And Burnham, to work on these fears, joined up, after his defeat at the 1957 general election, with the conservative and reactionary United Democratic Party led by John Carter (now Guyana's Ambassador to Washington) and Rudy Kendall (now Minister of Health), who headed the racist League of Coloured People. (Carter, Kendall, Lionel Lunckhoo, now Guyana's High Commissioner to London, and Businessmen John Fernandes and John Dare prior to 1957 were dubbed traitors by Burnham for leading a delegation to London in October 1953 to praise the British government for suspending our constitution and removing us from the government.)
  Burnham's alliances with conservative and racist elements resulted in the class struggle appearing not, as previously in the 1920's, as Coloured (Indians, Negroes, Mixed) against White, but as Indian against Negro and Mixed. Fears of one kind or another, whether real or imagined, were generated against the PPP and expressed in racial and anti-communist terms.
  The people's Progressive Party and the PPP governments were dubbed as Indian. Our 1960-64 development program, which was heavily weighted towards agriculture and drainage and irrigation, was deemed to be essentially designed to help Indians.
  But the Commonwealth Commission of 1962 saw through this and commented:
  "The political professions of the PNG were somewhat vague and amorphous. There was a tendency to give a racial tinge to its policy. Mr. Burnham expressed the opinion that it was Dr. Jagan who was responsible for this unfortunate development.

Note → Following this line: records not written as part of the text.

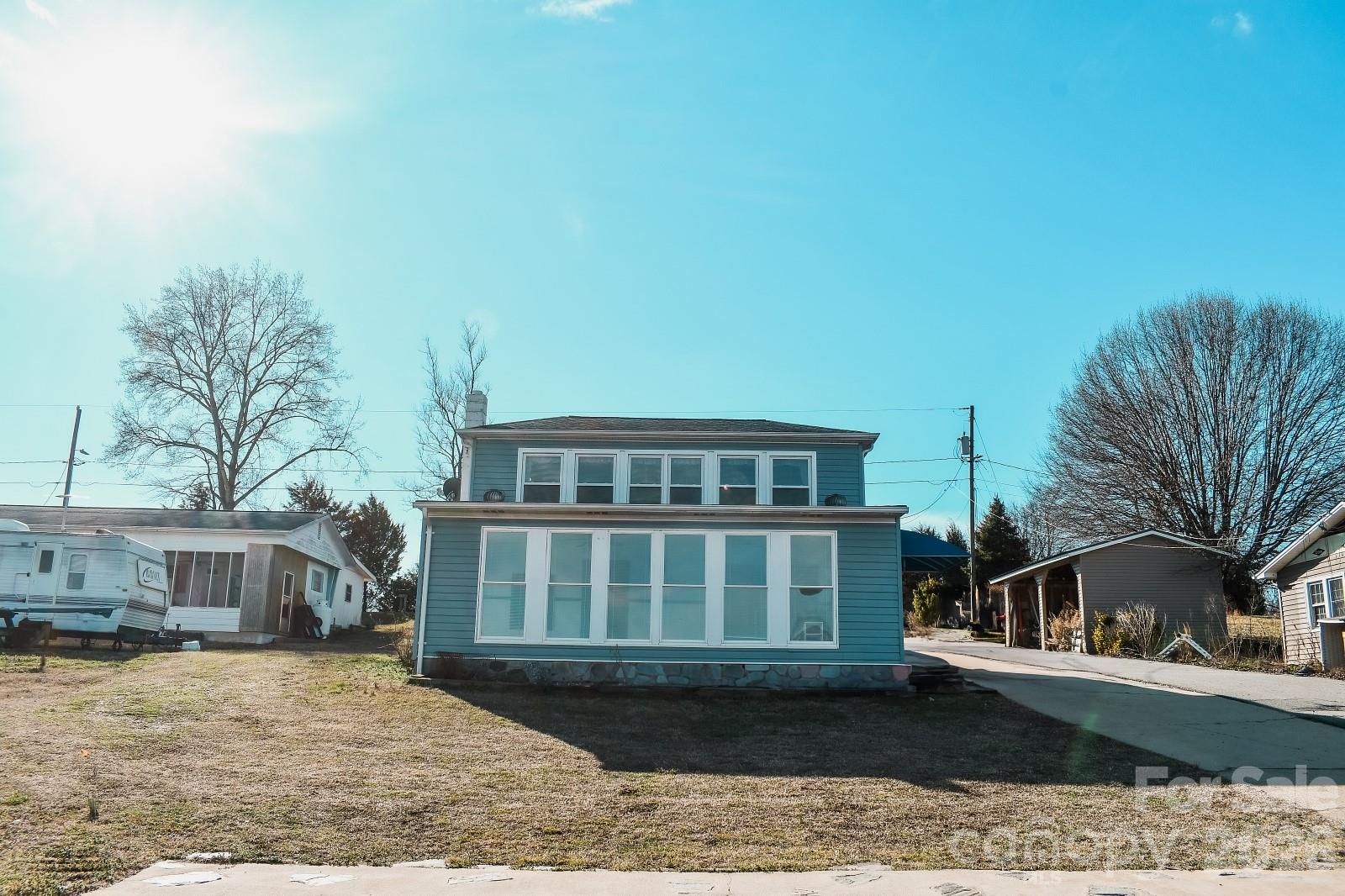 Lake City - Residential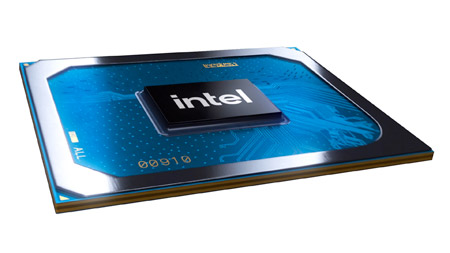 Pilote graphique 100.9955 pour les GPU intégrés Intel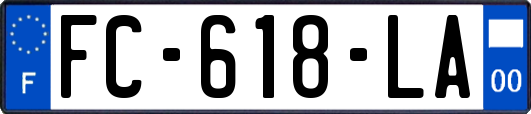 FC-618-LA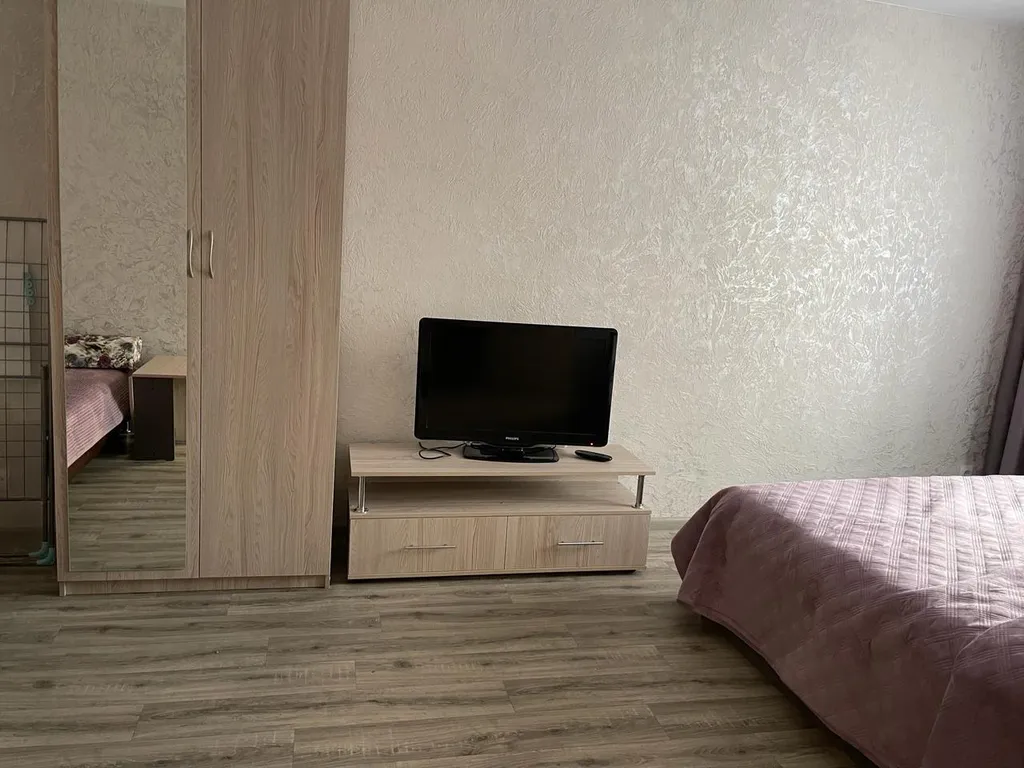Квартира Комфортная квартира в центре, рядом с Набережной озера Кабан — Казань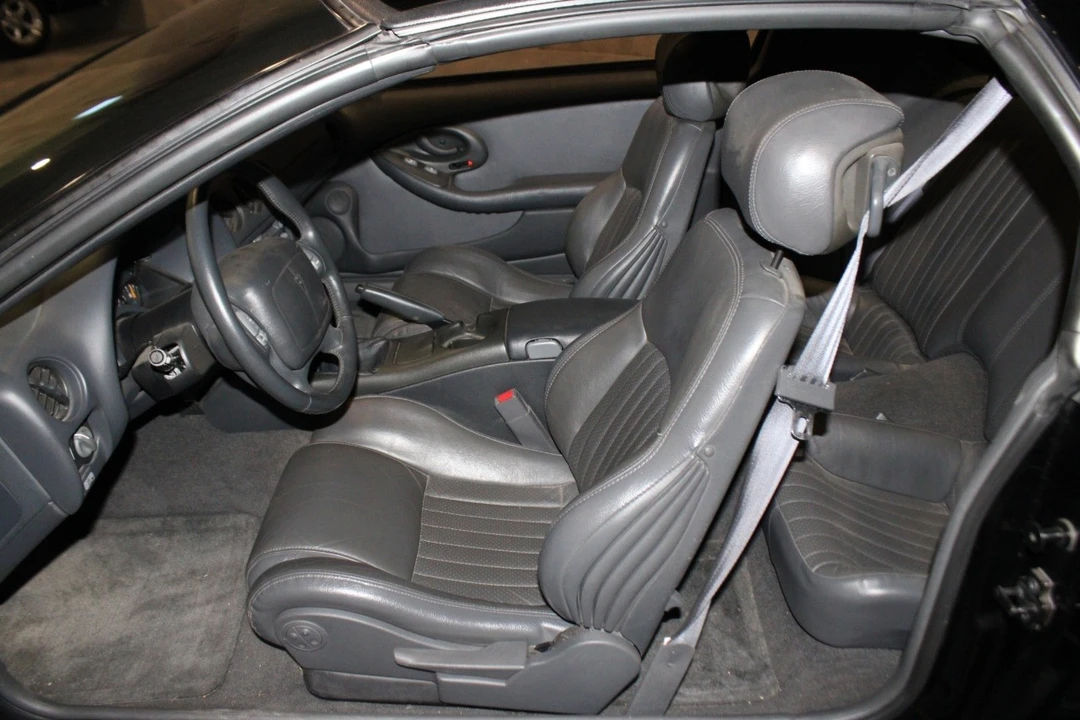 1997 Pontiac Firebird 4th Gen - Image 19 of 21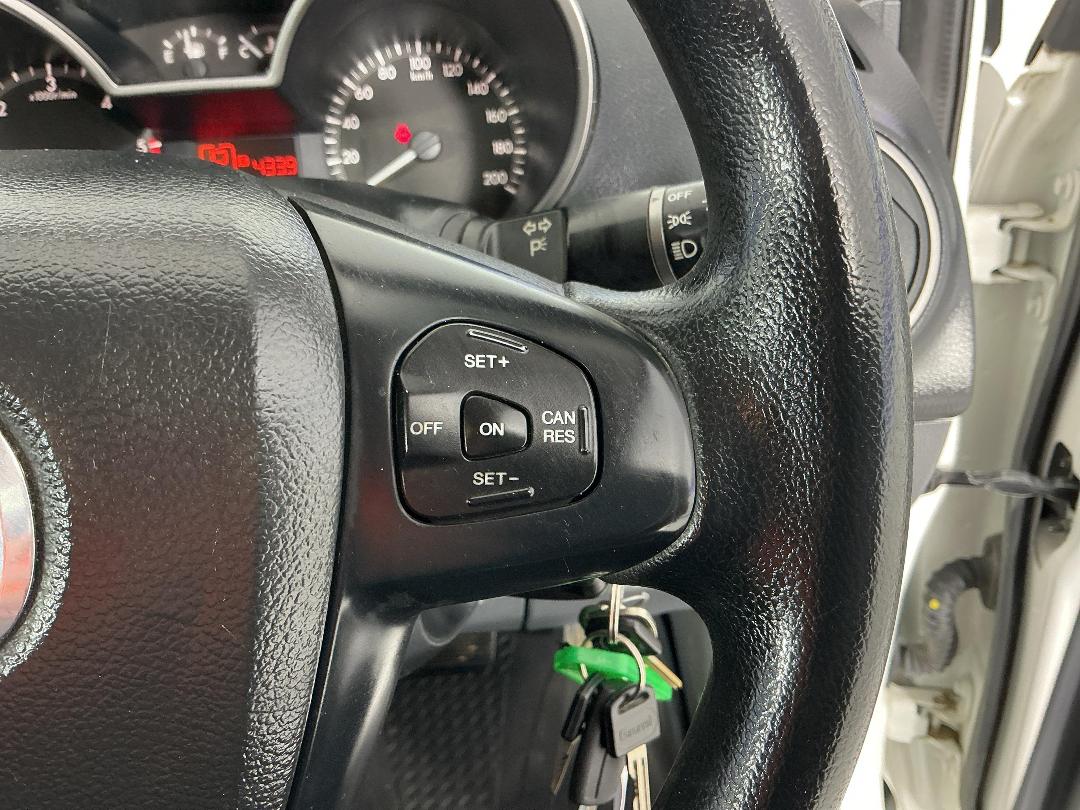 Photo '25' of Mazda Bt-50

  "We do not, however, think that there is much substance in the contention of MR. Burnham and it seems to us that whatever racial differences existed were brought about by political propaganda."

U.S. intervention
Political propaganda and racial strife became necessary if Guyana was not to become independent with a PPP government. (The 1960 London Constitutional Conference had clearly stated that independence would follow the 1961 general election, which we had won despite some gerrymandering by a British government-appointed Electoral Boundary Commissioner.) This was largely achieved by U.S. intervention under the Kennedy Administration. Obessed by developments in Cuba, Washington conspired with Burnham to bring down the PPP government.